Please give back only the lines below from the one containing "Zoombie bőr smink" to the one containing "Cigaronne Super Slims", each repeated word for word, both ends included.

▶ _Data listing_:
========================

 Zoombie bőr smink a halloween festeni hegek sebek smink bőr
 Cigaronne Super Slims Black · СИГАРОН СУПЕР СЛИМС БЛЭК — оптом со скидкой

========================

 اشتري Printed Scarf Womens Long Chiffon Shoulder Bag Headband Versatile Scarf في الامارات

========================

▶ _Expected answer_:
 Zoombie bőr smink a halloween festeni hegek sebek smink bőr
 Cigaronne Super Slims Black · СИГАРОН СУПЕР СЛИМС БЛЭК — оптом со скидкой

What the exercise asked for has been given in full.